BBC NEWS | World | Europe | Chechen president killed by bomb

BBC NEWS | World | Europe | Chechen president killed by bomb

Since my group partners and I are covering the Checheno-Russia conflict, it is a bittersweet happiness that the assassination occurred. It's horrible that so many people died, but it's nice to have something I can put on my paper.

There are many different spellings for Chechnya, which I've found in English and Spanish: Chechnya, Chechenia, Chechenya, Chechnia, Chechen, Checheno, etc.

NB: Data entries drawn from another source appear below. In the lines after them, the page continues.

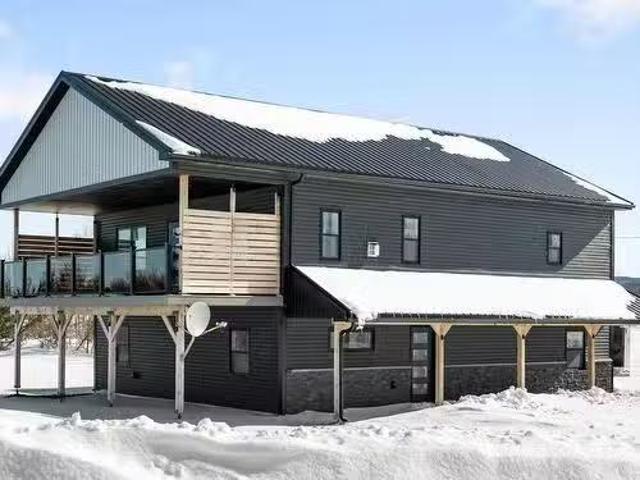 136 Thompson Drive, Ponds, NS, B0K 1G0 house for sale Listi.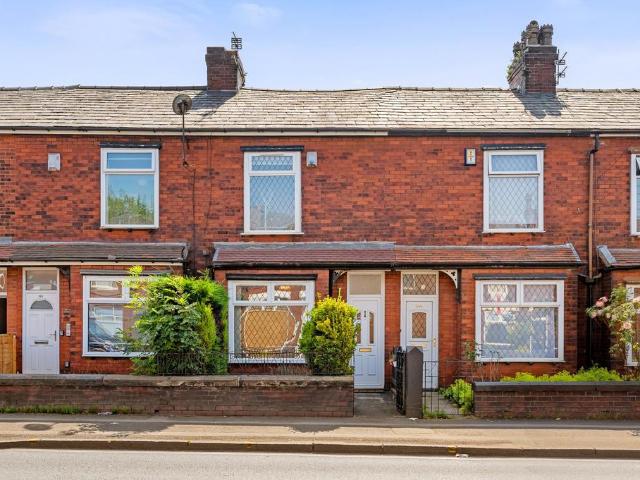 House for sale in Bradshaw, Lee Bank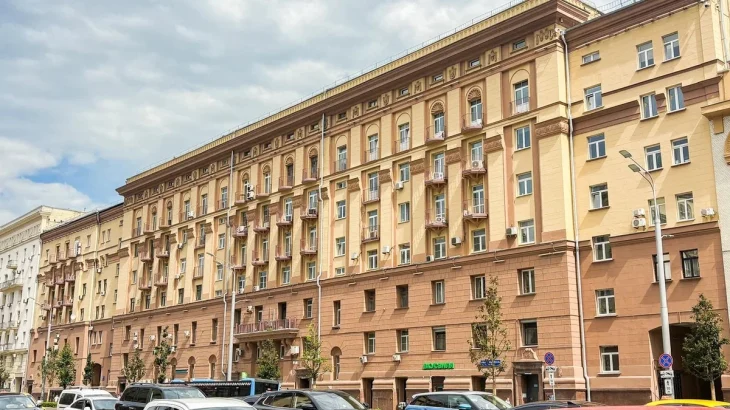 Три московских дома в стиле советской неоклассики получат новые лифты Три московских дома в стиле советской неоклассики получат новые лифты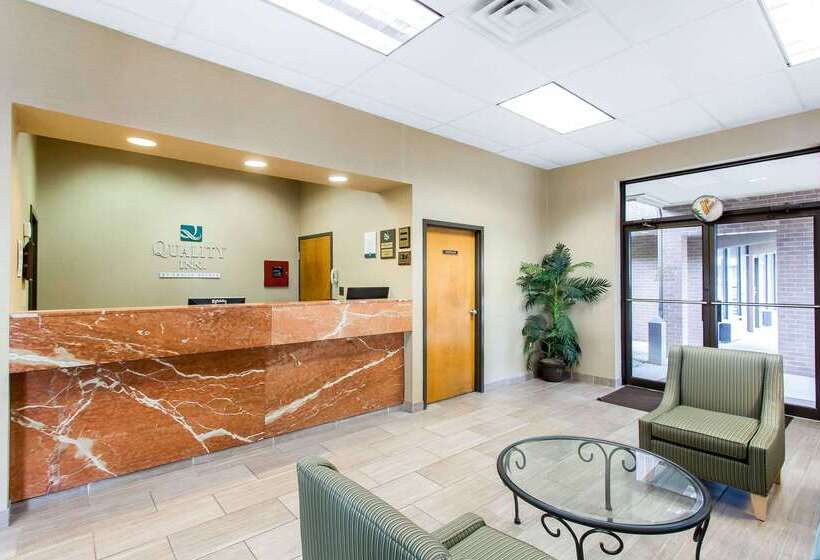 Отель Quality Inn Mount Airy Mayberry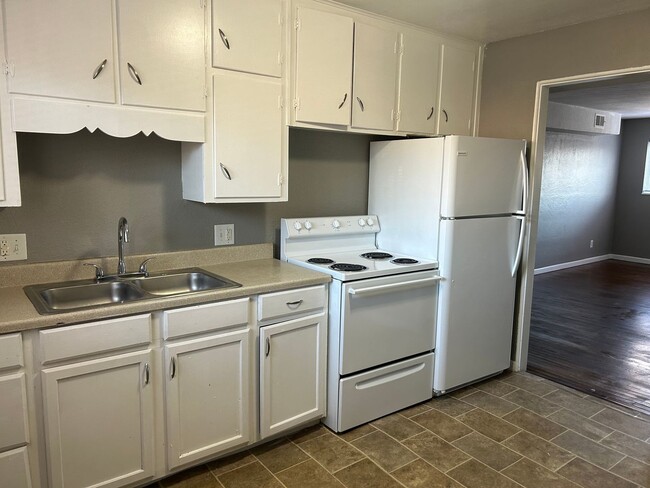 Building Photo - This 750 sq ft beauty could be yours!!!
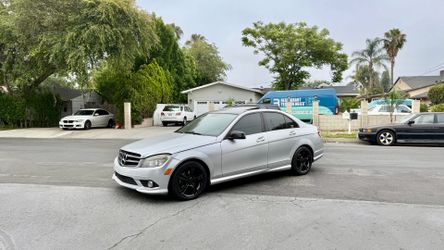 2011 Mercedes Benz C350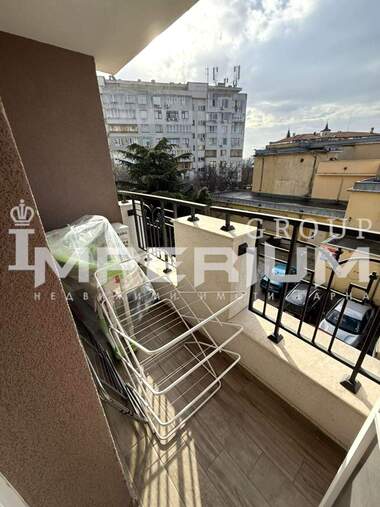 Închiriere - Apartament în Ceaîka,  Varna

Also, the pronunciation of "ch" in Chechnya is the same as "church," which is fortunate for being regular. I'd have thought it would be like "chek'-nia," or even "kek'-nia," but it's really "chech'-nia."

20040506

chiasmus.com

chiasmus.com

Word plays in which a a phrase might have two words reverse itself.

Examples:

"To comfort the afflicted, and afflict the comfortable." --motto of American journalism
"One for all and all for one we gage." --Shakespeare

Media Matters for America

Media Matters for America

A way to find out a position of one group of media views itself.

20040505

choices

I have been given an unprecedented choice that has uplifted me from my latent depression, yet I still am apprehensive, without forms or goals in my life.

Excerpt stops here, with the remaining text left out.